We understand that the Value for Money test will be one of the 4 key elements of the new Framework assessment.

just to recap; the assessments will -or is likely to – broadly cover;
  1. Financial capability/capacity
  2. Physical management and capacity to deliver
  3. Experience
  4. Value for Money test
Lets look at the Value for Money Test.
The starting position is that “value for money” tests are by definition problematic because it is difficult to factor in the cost of things going wrong over the life of the project. Any such test or assessment is hypothetical and so its credibility is difficult to test.
My analysis of the Value for money test
The higher the level of risk that can be transfered away from the public body will ultimately result in stronger incentives to innovate, better project evaluation and it will ultimately result in reducing costs.

However these advantages must be balanced against;

  • Huge contract negotiation costs,
  • Inflexibilities of a long-term contract
  • Reduced competitive pressures on performance after the contract has been entered into (in contrast with a situation where the contract is re-tendered periodically.
and …
  • the awareness that the offsetting of risk narrows the pool of participants and potentially increases dependency on PRIMES or “SUPER-PRIMES”
The key questions that the department is srtuggling with include;
  • Is it able to specify outcomes in ways that leave scope for provider/s to innovate, optimise and scale up their delivery. FND1 and FND 2 presented real challenges to providers, unit costs were low, DWP’s performace request was higher than what had historically been achieved on the New Deal and Employment Zones (Employment Zones performed the best).
PEP was a very different ball game and providers felt cornered into working within a wholly unrealitic unit costs, for a provision which was twice as long and with an almost unfathomable but definately unworkable accelerator funding model.
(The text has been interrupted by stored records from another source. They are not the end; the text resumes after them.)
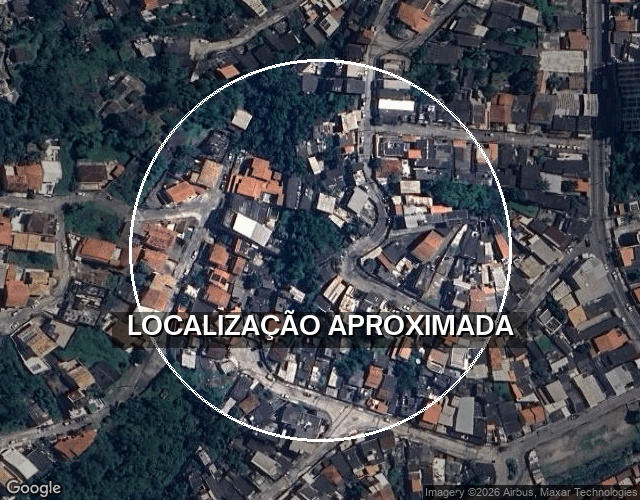 Casa com 1 quarto e 1 banheiro, área construída de 42,48 m²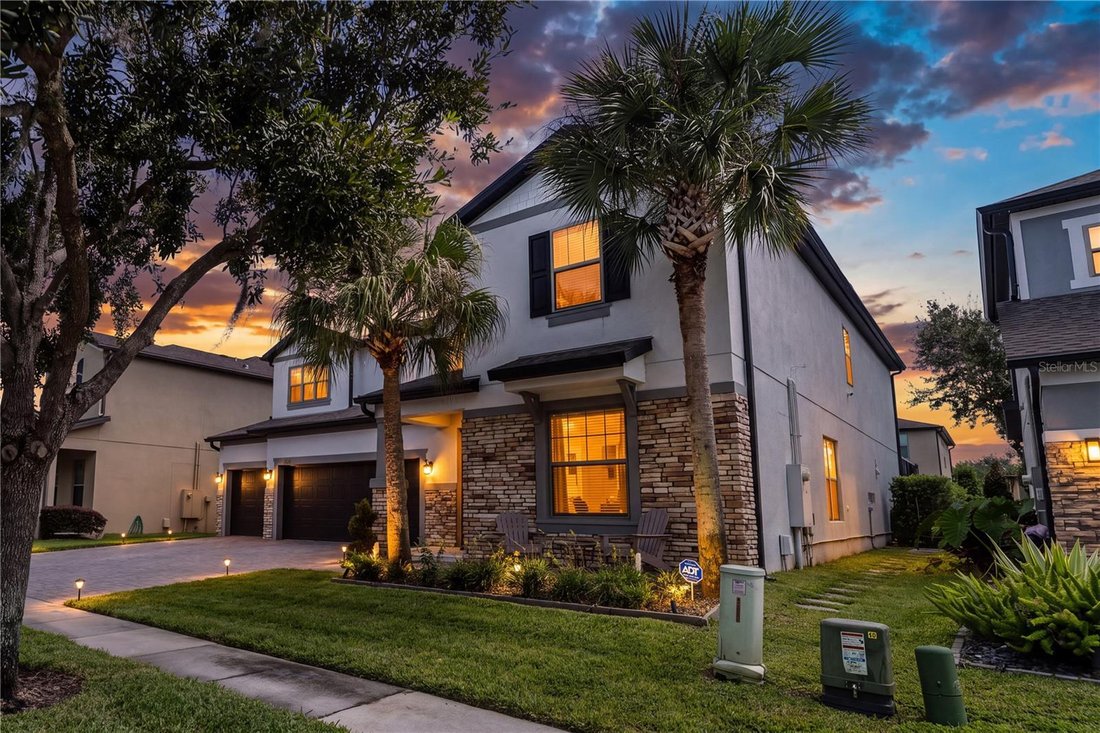 House in Orlando, Florida, United States 2 - 18995567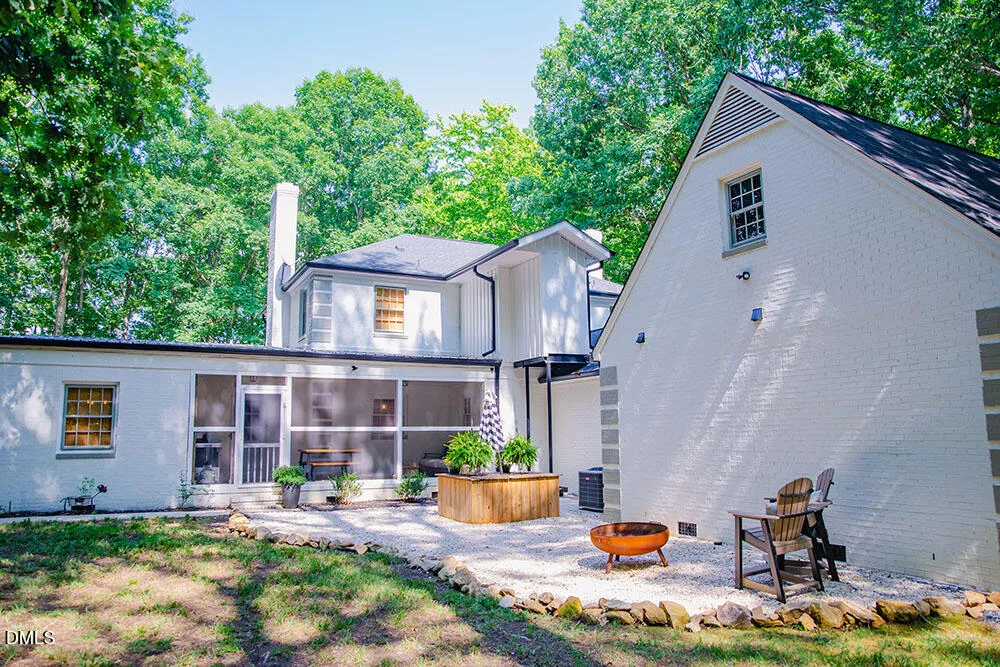 194 Robert Whitfield Road Hurdle Mills, NC 27541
Incidentally; I think the axcellerator model is here to stay

  • To what extent are the desired outcomes likely to be sustainable, given the length of the contract and the economic environment? how will this be reflected in relation to funding and unit costs for 13, 26 or 52 week sustainable outcomes?

2 Comments

  1. I have real concerns on behalf of my clients as to the deliverability of outcomes that may or may not be ascribed to provider interventions. The current rhetoric ‘bigging up’ the not-for-profit sector will not necessarily translate into the third sector benefiting from outcome related funding.
    I also have a sneaky feeling that the Primes won’t want to carry the risk of their underperformance for long.
    I am also deeply concerned about the supply chain in any bigger solution for the new Work Programme = there aren’t strong enough incentives available to private sector primes to share outcomes at a reasonable price with SMEs or smaller third sector providers.

  2. The current DWP policy implies a concentration of supply in the hands of a few, large providers. The same concentration has been seen in the the banking sector and, to a lesser extent probably, in the retail sector.

    The open question is whether such concentration delivers efficiencies at an acceptable cost in respect of choice, innovation and speed of adaptation. It also raises the question of whether systemic failure is more likely in the event of major external changes. Over the long term, aren’t diversity and adaptation necessary to the development of a strong and sustainable provider base? Darwin might have suggested that they are!